Wildfire Emergency Declared in Wash.
Aug 24 11:05 AM US/Eastern
Gov. Chris Gregoire declared a statewide wildfire emergency as several large fires burned in Washington state and forecasters predicted more storms with high winds.
"Numerous wildfires across Washington pose a serious threat to homes, infrastructure, businesses and natural resources ... and our firefighting resources have begun to grow scarce," Gregoire said Wednesday following a helicopter tour of the largest fire, in the north-central part of the state.
The proclamation allows state agencies to send money and resources to help local jurisdictions battle the blazes.
As the governor flew over the 200-square-mile fire complex, flames leaped 100 feet into the air. Nearly 3,000 firefighters were assigned to the area.
"It's very rugged terrain," Gregoire said. "The firefighters go in and put up a line, and the fire will jump a mile over the line. ... We're just hoping now the weather cooperates."
In Columbia County, in the southeast part of the state, a fire south of Dayton almost doubled in size in about 24 hours to an estimated 25,000 acres, nearly 40 square miles.

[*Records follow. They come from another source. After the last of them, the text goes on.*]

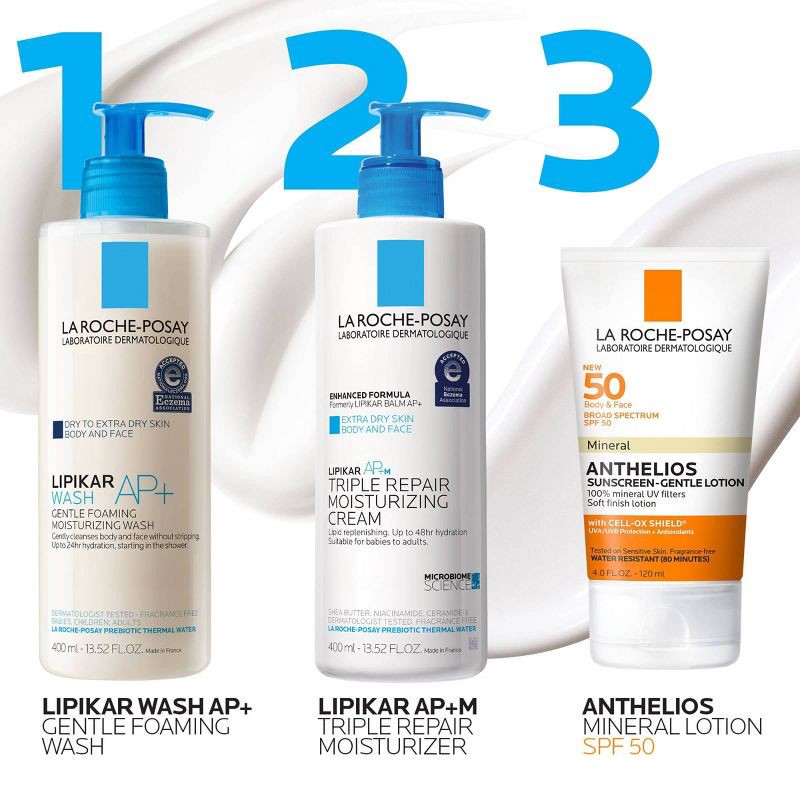 slide 4 of 8, La Roche Posay Anthelios Body and Face Soft Finish Mineral Sunscreen Lotion - SPF 50 - 3.04 fl oz, 50 ct; 3.04 fl oz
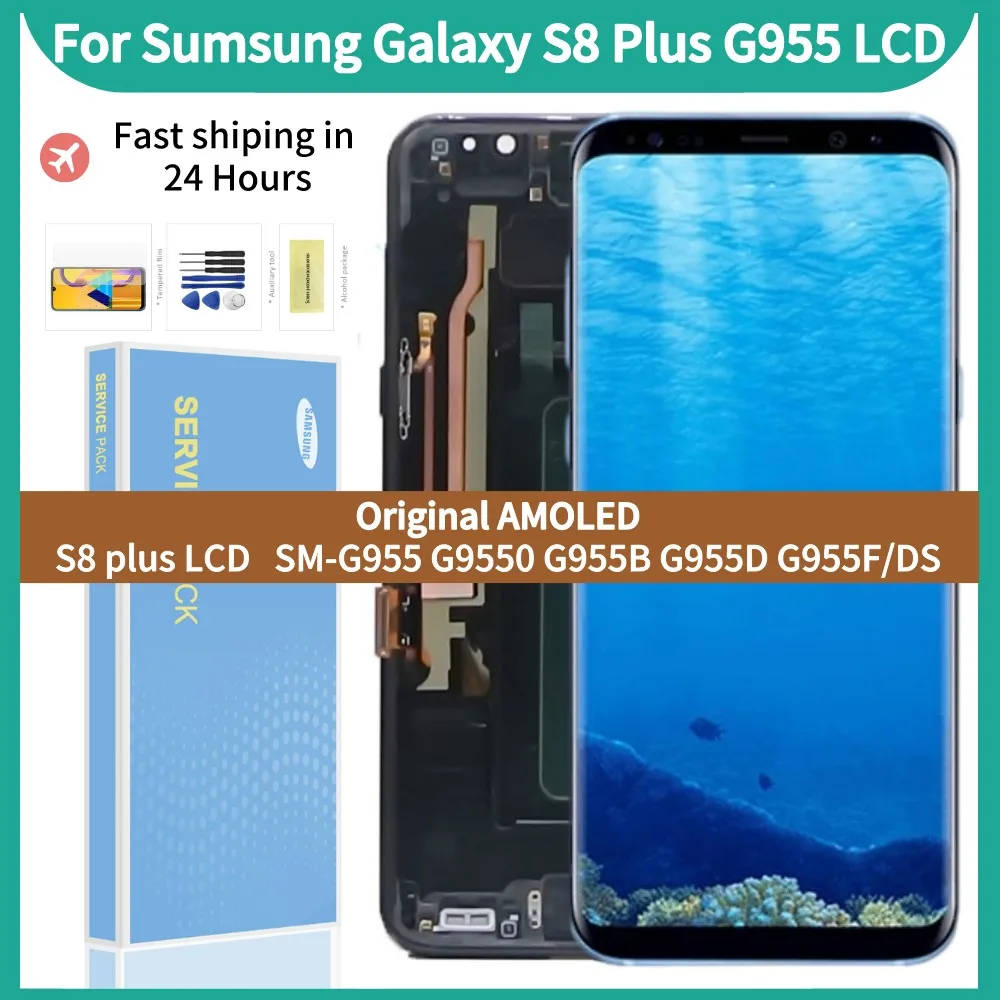 Original 6.2''AMOLED LCD For Samsung Galaxy S8 plus Display With Black Frame SM-G955 G955FD LCD Touch Screen Digitizer Assembly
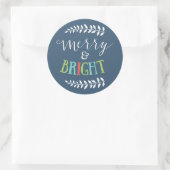 Vrolijk en helder Kerst sticker in marineblauw (Tas)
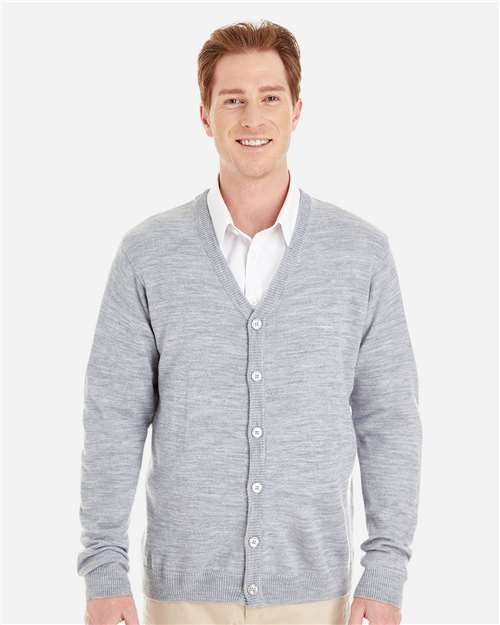 Harriton M425 Men's Pilbloc V-Neck Button Cardigan Sweater #color_GREY HEATHER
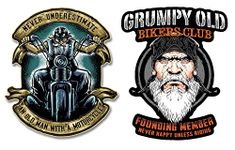 Motorcycle Decal Gift Pack - Includes 2 Unique 7 inch Decals - Grumpy Old Bikers Club Never Happy Unless Riding & Never Underestimate and Old Man with a Motorcycle - Ideal for Motorcycles, Cars, Trucks, Boats & Laptops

Lightning-sparked fires had destroyed two homes and 10 outbuildings in the county by Wednesday evening, said Lisa Caldwell, an emergency management official.
Residents along a roughly five-mile stretch of the Tucannon River were told to evacuate on Wednesday.
In nearby Walla Walla County, also in southeastern Washington, some residents along Coppei Creek were urged to evacuate as three fires burned nearby.
Thirty-five residents evacuated from a nursing home in Dayton were allowed to return after smoke over the area had cleared, and residents of some of the 200 homes that were evacuated also came back, said Ray Steiger, an information officer at the Columbia County fire complex.
In Utah, a firefighter who died while battling a blaze in the Fishlake National Forest was taken to the cemetery on a fire truck Wednesday.
More than 1,000 people, including Gov. Jon Huntsman, attended the funeral for Spencer Koyle, 33, who died Aug. 17. He was scouting a fire when it suddenly trapped him, authorities said.
"There were a lot of tears," said Susan Marzec, a U.S. Bureau of Land Management spokeswoman.
The fire continued to burn Wednesday about 15 miles north of the funeral in Holden. It covered nearly 8,000 acres, or 12 1/2 square miles.
Nearly 7 million acres, close to 11,000 square miles, have burned across the U.S. this year, well above the average of about 4.4 million acres by this time of year, according to the National Interagency Fire Center.